Note that the smaller the p-value (the larger the significance) the smaller the compatibility with the hypothesis under consideration and if the p-value drops below a pre-defined threshold we say that the numer of observed events is no longer compatible with the Standard Model hypothesis and we can claim a discovery. It is clear that to reject the Standard Model we require very strong evidence. And indeed we set the threshold at an event that is be expected to occur by chance about one time in 3.5 million, under the null hypothesis. This is the famous 5σ significance that is generally accepted as the "discovery" threshold in particle physics.

3. Effect of increasing the data-set (increase in luminosity)

If the luminosity increases the difference between the two hypotheses becomes more pronounced if expressed in terms of the uncertainty on the background. As an example we give the expected significance for our example and the scenario in which we would have a four times larger data set.

Figure 1: Probability distribution two hypotheses

With four times more luminosity the expected significance is indeed increased, but as it is still below the 5 sigma threshold we do not expect to be able to make a discovery.

expected p-value = \(\int_{n_{\rm exp} = 60}^{\infty} Poisson(n | 40) dn\) = 0.0019 (2.9 sigma)

4. Discoveries and rejecting alternative hypotheses

Up to now we have talked about ‘incompatibility with the SM hypothesis’ and computed p-values and significances to quantify that (in)compatibility. We can use similar arguments to construct an (in)compatibility with an alternative hypothesis, in our case the existence of a Higgs boson.
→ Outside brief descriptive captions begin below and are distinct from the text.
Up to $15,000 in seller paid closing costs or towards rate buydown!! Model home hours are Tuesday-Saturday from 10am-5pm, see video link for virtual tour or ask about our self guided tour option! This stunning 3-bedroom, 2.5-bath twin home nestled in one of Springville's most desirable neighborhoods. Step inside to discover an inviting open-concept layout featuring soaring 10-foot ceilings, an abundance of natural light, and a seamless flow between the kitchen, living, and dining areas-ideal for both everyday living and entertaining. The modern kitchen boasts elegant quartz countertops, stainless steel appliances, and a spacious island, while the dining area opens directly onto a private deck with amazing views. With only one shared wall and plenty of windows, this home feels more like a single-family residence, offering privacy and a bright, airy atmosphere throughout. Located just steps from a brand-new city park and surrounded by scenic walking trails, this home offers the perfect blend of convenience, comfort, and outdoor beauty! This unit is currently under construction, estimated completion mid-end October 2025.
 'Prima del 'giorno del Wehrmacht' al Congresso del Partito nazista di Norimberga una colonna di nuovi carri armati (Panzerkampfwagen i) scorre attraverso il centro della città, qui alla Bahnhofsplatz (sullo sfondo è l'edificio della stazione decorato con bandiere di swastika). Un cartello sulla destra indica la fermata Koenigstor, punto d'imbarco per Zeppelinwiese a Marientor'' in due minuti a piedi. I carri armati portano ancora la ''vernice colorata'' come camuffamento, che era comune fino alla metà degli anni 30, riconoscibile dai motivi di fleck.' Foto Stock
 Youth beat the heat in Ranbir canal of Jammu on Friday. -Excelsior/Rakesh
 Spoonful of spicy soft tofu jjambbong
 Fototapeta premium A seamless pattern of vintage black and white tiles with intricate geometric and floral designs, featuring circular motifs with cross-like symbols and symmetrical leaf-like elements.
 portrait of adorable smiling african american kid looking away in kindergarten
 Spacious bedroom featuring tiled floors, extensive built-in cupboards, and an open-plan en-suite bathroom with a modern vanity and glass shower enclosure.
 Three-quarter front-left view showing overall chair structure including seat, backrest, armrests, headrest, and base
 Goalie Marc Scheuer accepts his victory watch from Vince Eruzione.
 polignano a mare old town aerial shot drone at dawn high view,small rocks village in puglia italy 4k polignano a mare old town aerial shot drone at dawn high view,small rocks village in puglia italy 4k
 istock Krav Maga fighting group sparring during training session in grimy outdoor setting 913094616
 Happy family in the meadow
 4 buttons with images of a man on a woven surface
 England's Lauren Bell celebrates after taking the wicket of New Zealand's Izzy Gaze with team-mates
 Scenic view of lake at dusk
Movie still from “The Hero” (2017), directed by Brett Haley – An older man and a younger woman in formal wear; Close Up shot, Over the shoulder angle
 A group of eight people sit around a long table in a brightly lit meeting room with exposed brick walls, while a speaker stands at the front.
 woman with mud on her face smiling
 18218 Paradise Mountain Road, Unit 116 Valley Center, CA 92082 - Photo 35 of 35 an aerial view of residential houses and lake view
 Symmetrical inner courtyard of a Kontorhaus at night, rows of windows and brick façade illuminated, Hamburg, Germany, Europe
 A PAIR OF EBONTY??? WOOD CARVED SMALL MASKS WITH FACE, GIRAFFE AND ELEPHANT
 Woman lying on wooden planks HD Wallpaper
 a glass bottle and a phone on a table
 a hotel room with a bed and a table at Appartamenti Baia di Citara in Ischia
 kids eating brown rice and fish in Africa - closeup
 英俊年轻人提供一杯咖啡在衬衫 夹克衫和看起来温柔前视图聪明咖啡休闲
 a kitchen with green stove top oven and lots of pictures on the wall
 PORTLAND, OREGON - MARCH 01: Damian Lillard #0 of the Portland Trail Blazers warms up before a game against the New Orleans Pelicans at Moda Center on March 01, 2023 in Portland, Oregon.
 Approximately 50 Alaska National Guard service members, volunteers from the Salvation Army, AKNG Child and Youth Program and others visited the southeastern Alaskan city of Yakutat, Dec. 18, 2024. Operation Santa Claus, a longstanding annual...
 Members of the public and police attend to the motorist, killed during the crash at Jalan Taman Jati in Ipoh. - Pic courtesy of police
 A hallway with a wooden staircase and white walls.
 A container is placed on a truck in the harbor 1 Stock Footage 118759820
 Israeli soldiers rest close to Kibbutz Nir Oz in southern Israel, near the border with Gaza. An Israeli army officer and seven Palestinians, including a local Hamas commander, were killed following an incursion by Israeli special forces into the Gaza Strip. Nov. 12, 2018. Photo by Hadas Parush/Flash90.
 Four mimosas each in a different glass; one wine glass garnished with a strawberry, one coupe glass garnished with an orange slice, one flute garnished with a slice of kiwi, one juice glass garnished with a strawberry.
To reject an alternative hypothesis we define a parameter similar to the p-value as: the probability to observe a deficit as large as the number of observed/expected events (or even less) under the alternative (Higgs) hypothesis. For an alternative hypotesis (typically a new particle or a specific coupling scale factor) we are less strict and rejection is typically done at a level of (incompatibility) of 5%. As a result we claim to reject the alternative hypothesis at 95% confidence level. This basically says that we do not believe in the hypothesis that the Higgs boson was actually there, but we siply observed a downward fluctuation.

Figure 1: Probability distribution two hypotheses

Observed incompatibility = \(\int_{0}^{n_{\rm obs}} Poisson(n | 15) dn\) = 26.8%.

In our case the value is 26.8% and that is still well compatible with the Standard Model (null) hypothesis. This means we cannot reject the Higgs hypothesis.

In many analyses we do not just put a binary yes/no, but will test hypothesis in which the Higgs cross-section is larger than that predicted from the SM. This will allow different theoretical alternatives the predict different cross sections to tested simultaneously.

As an example the plot below shows a model in which the Higgss cross section is scaled with a factor two relative to that predicted in the SM. In that scenario the (in)compatibility is 3.9% and this means we do not consider the observed number of events (12) to be compatible with (a downwards fluctuation) of the new model and we reject it. At 95% confidence level.